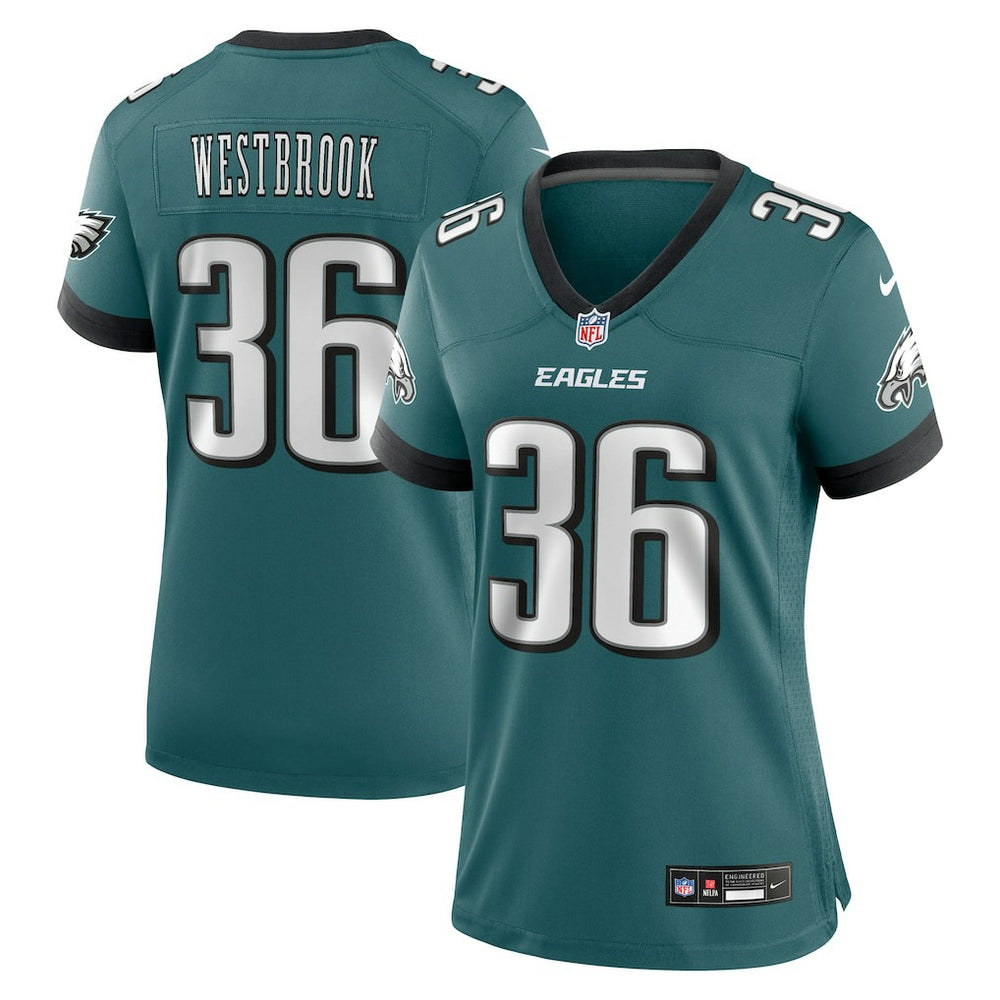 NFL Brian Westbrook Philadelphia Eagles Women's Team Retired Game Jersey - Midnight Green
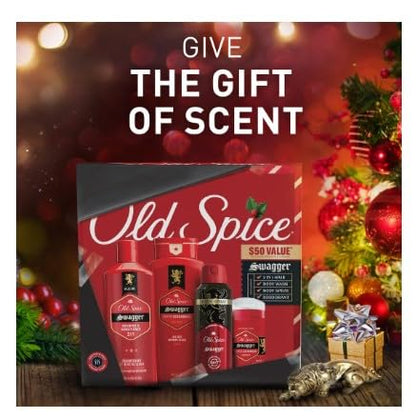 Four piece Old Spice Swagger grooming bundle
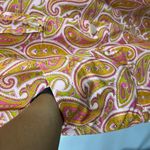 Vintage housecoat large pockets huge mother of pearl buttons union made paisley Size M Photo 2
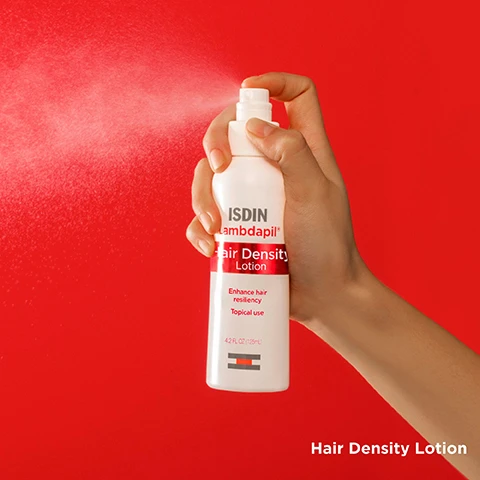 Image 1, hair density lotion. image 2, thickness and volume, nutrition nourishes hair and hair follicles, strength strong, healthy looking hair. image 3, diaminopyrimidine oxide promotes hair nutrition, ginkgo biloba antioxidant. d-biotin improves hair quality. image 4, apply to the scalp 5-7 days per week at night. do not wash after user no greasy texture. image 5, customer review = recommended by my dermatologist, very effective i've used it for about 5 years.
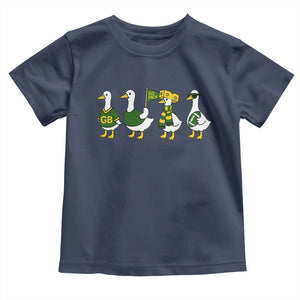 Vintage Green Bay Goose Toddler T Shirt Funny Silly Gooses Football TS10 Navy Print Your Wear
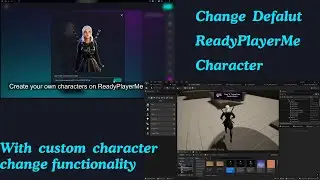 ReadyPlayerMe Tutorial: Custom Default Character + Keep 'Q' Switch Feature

**AIM OF THE TASK:** Word for word and without any pictures, return all of the lines above.

**EXERCISE RESULT:**
 NFL Brian Westbrook Philadelphia Eagles Women's Team Retired Game Jersey - Midnight Green
 Four piece Old Spice Swagger grooming bundle
 Vintage housecoat large pockets huge mother of pearl buttons union made paisley Size M Photo 2
 Image 1, hair density lotion. image 2, thickness and volume, nutrition nourishes hair and hair follicles, strength strong, healthy looking hair. image 3, diaminopyrimidine oxide promotes hair nutrition, ginkgo biloba antioxidant. d-biotin improves hair quality. image 4, apply to the scalp 5-7 days per week at night. do not wash after user no greasy texture. image 5, customer review = recommended by my dermatologist, very effective i've used it for about 5 years.
 Vintage Green Bay Goose Toddler T Shirt Funny Silly Gooses Football TS10 Navy Print Your Wear
 ReadyPlayerMe Tutorial: Custom Default Character + Keep 'Q' Switch Feature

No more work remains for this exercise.